# Double Gaussian well bound states parameters

I'm currently simulating a one-dimensional double Gaussian well potential numerically, and have been asked to find parameters corresponding to the overlap in potential and wave functions from my determined bound energy states.

Using the time-independent Schrödinger equation along with a potential of the form

$$V(x) = -V_0 \left( e^{-(x-x_0)^2} + e^{-(x+x_0)^2} \right),$$

for some $$V_0$$ and $$x_0$$, I'm successfully able to simulate the system and get the bound states, but I've also been asked to use a supposed generalisation of the Hamiltonian in matrix form:

$$\begin{pmatrix} \epsilon_0 - A & W\\ W & \epsilon_0 - A\end{pmatrix},$$

(where $$\epsilon_0$$ is the bound state energy at infinite separation, $$A$$ represents the overlap in potential wells, and $$W$$ represents the overlap of the wave functions in the two wells), with eigenvalues $$\epsilon_{1,2} = \epsilon_0 - A \pm W$$.

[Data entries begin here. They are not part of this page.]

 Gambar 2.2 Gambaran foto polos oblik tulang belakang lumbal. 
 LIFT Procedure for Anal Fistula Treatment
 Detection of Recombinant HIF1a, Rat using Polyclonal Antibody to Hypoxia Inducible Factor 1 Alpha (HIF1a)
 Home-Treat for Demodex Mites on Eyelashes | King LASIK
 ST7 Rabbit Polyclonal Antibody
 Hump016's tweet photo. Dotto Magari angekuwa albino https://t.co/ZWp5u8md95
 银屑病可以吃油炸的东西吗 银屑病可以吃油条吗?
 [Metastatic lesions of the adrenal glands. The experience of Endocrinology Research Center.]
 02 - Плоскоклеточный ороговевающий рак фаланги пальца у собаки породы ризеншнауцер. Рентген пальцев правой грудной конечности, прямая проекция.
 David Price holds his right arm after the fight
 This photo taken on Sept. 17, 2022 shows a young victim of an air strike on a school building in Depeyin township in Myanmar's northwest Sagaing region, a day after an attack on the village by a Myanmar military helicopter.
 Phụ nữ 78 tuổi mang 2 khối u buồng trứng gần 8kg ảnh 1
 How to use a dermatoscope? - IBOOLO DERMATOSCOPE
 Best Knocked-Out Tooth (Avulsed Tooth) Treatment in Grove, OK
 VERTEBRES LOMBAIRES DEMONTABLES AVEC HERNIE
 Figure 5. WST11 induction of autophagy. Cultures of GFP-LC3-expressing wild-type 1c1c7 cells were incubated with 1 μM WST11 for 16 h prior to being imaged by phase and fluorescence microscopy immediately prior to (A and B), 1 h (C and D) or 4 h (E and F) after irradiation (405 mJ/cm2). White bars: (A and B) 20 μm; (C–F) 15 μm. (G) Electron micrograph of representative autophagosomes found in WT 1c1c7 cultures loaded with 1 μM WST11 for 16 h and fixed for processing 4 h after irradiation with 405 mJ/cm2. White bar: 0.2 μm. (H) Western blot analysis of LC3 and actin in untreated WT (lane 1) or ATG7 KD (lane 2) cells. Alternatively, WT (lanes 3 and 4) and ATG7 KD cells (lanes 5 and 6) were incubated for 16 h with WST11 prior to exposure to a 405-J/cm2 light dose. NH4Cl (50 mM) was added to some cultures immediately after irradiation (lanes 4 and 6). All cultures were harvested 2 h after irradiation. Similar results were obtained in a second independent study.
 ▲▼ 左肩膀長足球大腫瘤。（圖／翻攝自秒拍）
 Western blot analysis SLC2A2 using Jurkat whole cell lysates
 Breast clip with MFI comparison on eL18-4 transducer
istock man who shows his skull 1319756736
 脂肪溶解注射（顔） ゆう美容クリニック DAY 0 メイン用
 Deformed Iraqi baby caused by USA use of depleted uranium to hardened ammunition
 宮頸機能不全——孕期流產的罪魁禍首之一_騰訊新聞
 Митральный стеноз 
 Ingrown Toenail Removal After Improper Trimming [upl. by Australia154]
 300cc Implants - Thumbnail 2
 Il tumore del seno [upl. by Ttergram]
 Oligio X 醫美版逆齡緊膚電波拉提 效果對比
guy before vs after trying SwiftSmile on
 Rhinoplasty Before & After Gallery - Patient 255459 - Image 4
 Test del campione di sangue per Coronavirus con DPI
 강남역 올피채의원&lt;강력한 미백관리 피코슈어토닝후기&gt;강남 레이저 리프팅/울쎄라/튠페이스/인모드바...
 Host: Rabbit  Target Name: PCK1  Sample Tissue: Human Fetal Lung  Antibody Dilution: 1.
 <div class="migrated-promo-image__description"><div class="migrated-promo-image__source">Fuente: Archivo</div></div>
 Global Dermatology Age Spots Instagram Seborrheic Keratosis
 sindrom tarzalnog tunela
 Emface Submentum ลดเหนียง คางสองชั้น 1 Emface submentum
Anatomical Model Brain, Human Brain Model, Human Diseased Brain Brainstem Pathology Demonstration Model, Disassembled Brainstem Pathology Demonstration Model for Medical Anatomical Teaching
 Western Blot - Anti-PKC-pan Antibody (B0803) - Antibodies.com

My task is to determine $$W$$. I assumed at first it was as easy as taking the difference of the first two bound states (ground and first excited) and dividing that by two, but supposedly $$W$$ is supposed to vary with energy states (which makes sense, since higher energy wave functions have larger width), but I honestly do not understand how to determine this as a function of energy level - for the system I'm analysis, there are a total of three bound states, and my supposed method would only yield the answer for two of them. Could the first two be the same, and the third different?

• This looks like it falls into the "homework-and-exercises" category, so I'm adding that tag. However, your question seems quite a reasonable one at first glance. I would have expected this kind of analysis to be applied to a system with a higher barrier, and smaller overlap between the wells. Then, there would be several pairs of states lying below the barrier energy, and the question would make more sense. So, is this just a question of choosing more suitable values of $x_0$ and $V_0$? – user197851 Dec 30 '18 at 11:07
• @LonelyProf The specific task had pre-determined values $V_0 = 4.0$ and $x_0 = 1.1, 1.3, & 1.5$ (in rewritten, dimensionless units), all of which yield three bound state - the first two of which are incredibly close in energy. Would a deeper well yield more of these pairs, centered around the corresponding bound states of the single well? – shaqman Dec 30 '18 at 11:24

## 1 Answer

In the spirit of not putting answers in the comments section, I will offer my suggestion here.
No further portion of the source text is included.